The reliance model incorporates greater harmonization for agent and broker application forms, continuing education requirements and errors and omissions insurance for agents and brokers.
It is intended to harmonize the requirements faced by agents and brokers who are licensed or want to be licensed in multiple jurisdictions and by insurance companies with agents in multiple jurisdictions.
The model is not intended to require jurisdictions to introduce any additional licensing requirements where they do not currently exist.
According to the model, “a host jurisdiction relies on most of the requirements of the agent’s or broker’s home jurisdiction, but could request that the agent or broker meet further requirements specific to the host jurisdiction.”
“We believe this model will serve as a further step towards promoting increased harmonization in provincial and territorial insurance,” CCIR says in a posting on its Web site. “As you are aware, the CCIR and CISRO Reciprocal Licensing Standards Committee worked with the insurance industry through extensive consultations and meetings to develop the model.
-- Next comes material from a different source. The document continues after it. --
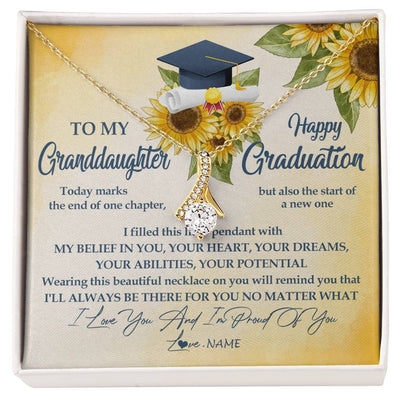 Alluring Beauty Necklace 18K Yellow Gold Finish | Personalized To My Granddaughter On Her Graduation Day Necklace Flower I Love You I'm Proud Of You Class of 2023 Jewelry Customized Gift Box Message Card | teecentury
We thank you again for your input and support.”
Currently, six Canadian jurisdictions require agents and brokers to secure continuing education credits. Under the agreement, Alberta, Saskatchewan, Ontario and the Chamber that administers CE for general agents and brokers in Quebec have agreed to not impose any further CE requirements on a non-resident agent or broker who has met CE requirements in their home Canadian jurisdiction as long as that jurisdiction requires CE.
With regard to errors and omissions insurance, the proposal is that jurisdictions that currently limit the maximum policy deductible, will accept a policy where the first dollar of any claim is to be paid directly to the claimant to be equivalent to a zero deductible. Ontario (applicable to life agents), Quebec and Newfoundland and Labrador are the three jurisdictions that currently limit the size of the policy deductible. Although Ontario and Newfoundland and Labrador are able to adopt this approach, Quebec requires a regulation change before it can be implemented.
“The committee feels that this approach will allow insurers greater underwriting flexibility and could potentially entice additional insurers into the market,” the CCIR says.